Propos recueillis par Alexandre Piquard sur LeMonde.fr le 5 octobre 2010
Depuis 1996, la part des filles parmi les mineurs mis en cause par la police et la gendarmerie est passée de 9,9 % à 15,5 %. N’est-ce pas le signe que la délinquance des jeunes filles augmente fortement ?
Coline Cardi : Le chiffre que vous citez augmente certes mais il montre qu’on n’est sûrement pas face à une « explosion » de la délinquance des jeunes filles – ce que laisse penser un autre chiffre, souvent cité et qui fait état celui de 133 % de hausse du nombre de mineures mises en cause, entre 1996 et 2009. Les chiffres de la délinquance des mineures restent assez faibles, et il faut donc les nuancer, même si on peut avoir l’impression que les augmentations sont fortes.
La délinquance des mineures reste faible, selon vous ?
Si la proportion de filles se situe autour de 15 % des mineurs mis en cause, elle est à peu près égale à celle des femmes majeures, qui est stable depuis 2004 (voir l’article correspondant dans le rapport annuel de l’ONDRP 2009). Et rappelons que ces chiffres restant des constatations faites par la police et la gendarmerie, ils témoignent davantage de l’activité de ces services.
Ces chiffres policiers recoupent-ils ce que vous avez observé au niveau de la justice et de la prison, par exemple ?
Au niveau de la prison, on n’a pas du tout d’augmentation forte et le taux est plus faible : il y a 3,4 % de femmes – majeures – parmi les détenus (voir les chiffres de la population carcérale en septembre 2010). Au niveau de la justice, le taux de femmes parmi les condamnés est autour de 10 % (voir les chiffres de condamnations en 2008). C’est donc au niveau de la police que les chiffres sont les plus importants.
Comment expliquer que le taux de femmes mises en causes soit supérieur au taux de condamnées, et au taux d’incarcérées ?
Les infractions sont différentes et il y a aussi une forme de clémence de la justice, qui est à relativiser là encore. Les femmes sont en partie protégées du risque d’incarcération mais cette protection se solde par d’autre types de contrôle par la justice.
Les jeunes filles ne sont-elles pas plus violentes qu’avant ? L’Observatoire national de la délinquance souligne que les atteintes à l’intégrité physique commises par des filles mineures ont augmenté de 83 % depuis 2004, contre seulement 46 % pour les garçons.

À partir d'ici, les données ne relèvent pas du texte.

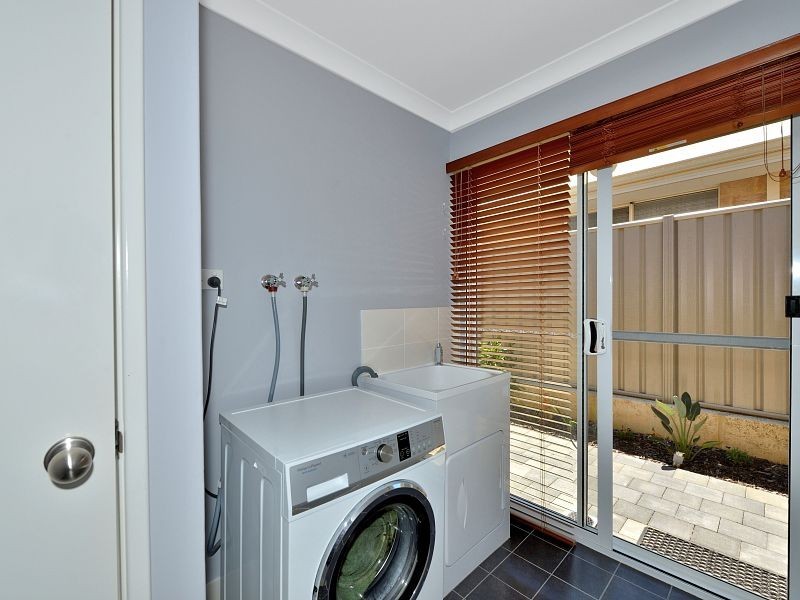 55 Willow Brook View, Meadow Springs WA 6210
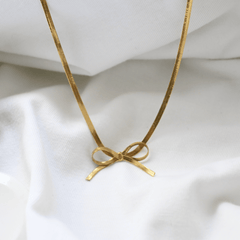Bow Gold Thick Necklace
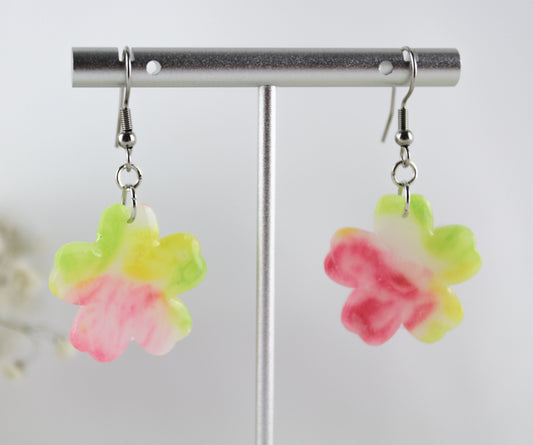 Neon Flower Power Ohrringe – Bunte Handgefertigte Polymer Clay Statement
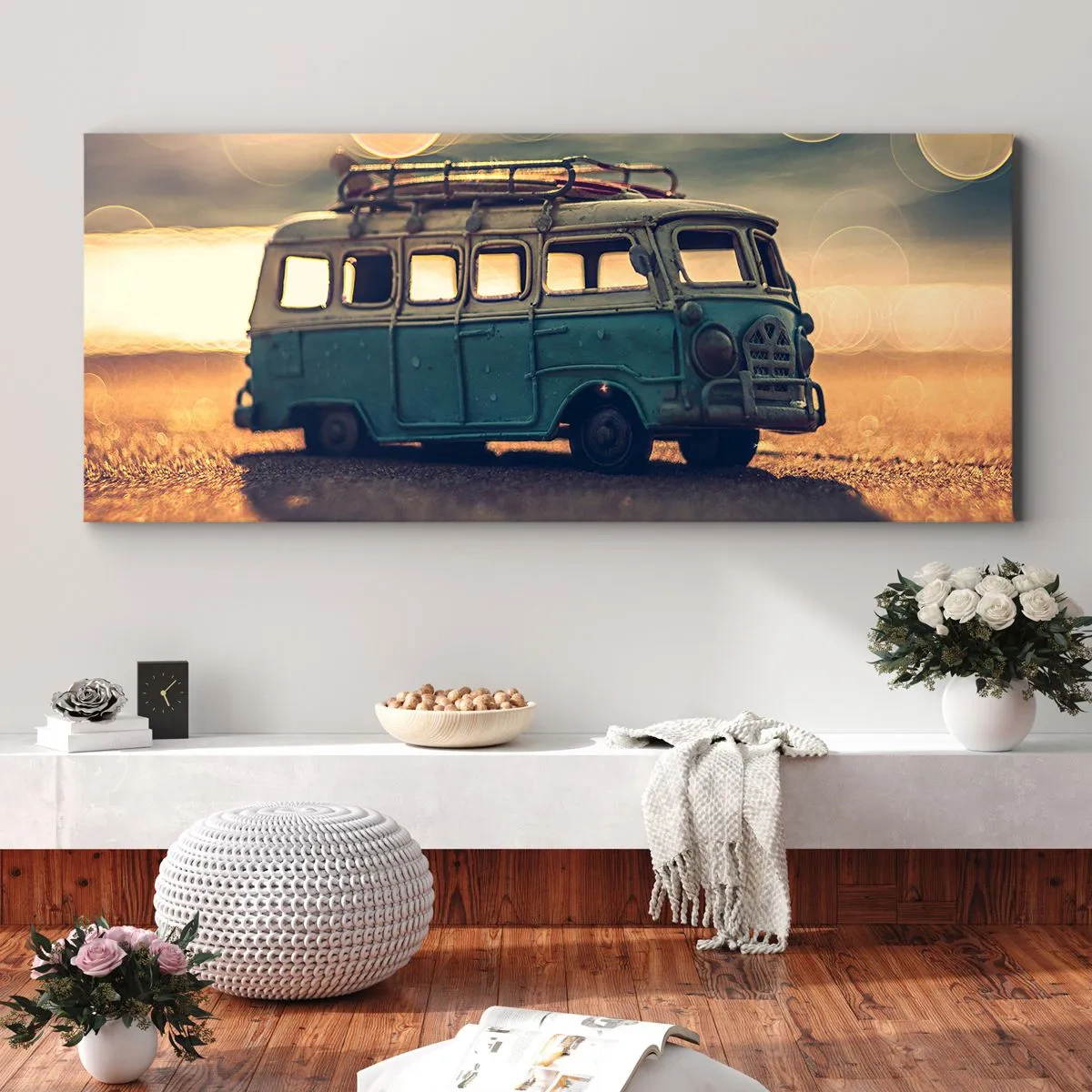Bild auf Leinwand - Leinwandbild - Retro-Bus gegen verschwommenes Licht - 120x50cm - Das Ende der Idole: Geld und Arbeit - Moderne Wanddekoration für Wohnzimmer und Schlafzimmer ARTTOR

Pour certains, les filles, quand elles sont violentes, le sont plus que les garçons. C’est une idée partagée par certains juges, notamment pour enfants. Ceci peut s’expliquer par la difficulté à penser et à appréhender la violence des femmes. Quand il y a une affaire de violence impliquant des filles, on la médiatise, en mettant volontiers en avant une forme de sadisme, de cruauté, en donnant une image de « monstrueuses ». Dès que les filles transgressent des normes de genre, comme la violence, associée au masculin, cela choque davantage. Récemment, les discours qui pointent la violence des filles a pu aussi bien légitimer un discours sécuritaire, avec l’idée que « même les filles s’y mettent… » qu’un discours antiféministe, avec l’idée que l’émancipation des femmes conduirait à en faire des hommes.
Mais les jeunes filles sont-elles plus violentes qu’avant ?
En tout cas, la police arrête plus de filles qu’avant. Il y a plusieurs hypothèses. On peut se demander s’il n’y a pas plus de passage à l’acte violent. Les filles feraient alors de plus en plus comme les garçons. On peut penser que la frontière de genre s’estompe. Mais c’est une hypothèse que l’on a déjà faite dans les années 70, aux Etats-Unis, quand on s’est intéressé à la délinquance des femmes et qui ne s’est absolument pas vérifiée.
Comment alors expliquer la hausse des chiffres policiers concernant les mineures ?
L’autre hypothèse est celle d’une transformation dans le contrôle social. La police serait moins tolérante à l’égard des filles qu’auparavant. On sait que le contrôle des femmes par la police a pu être plus important dans les magasins, pour les vols. Il augmente peut-être depuis sur la voie publique. Dans la représentation policière, comme dans la représentation générale, une fille est à l’origine moins délinquante qu’un garçon.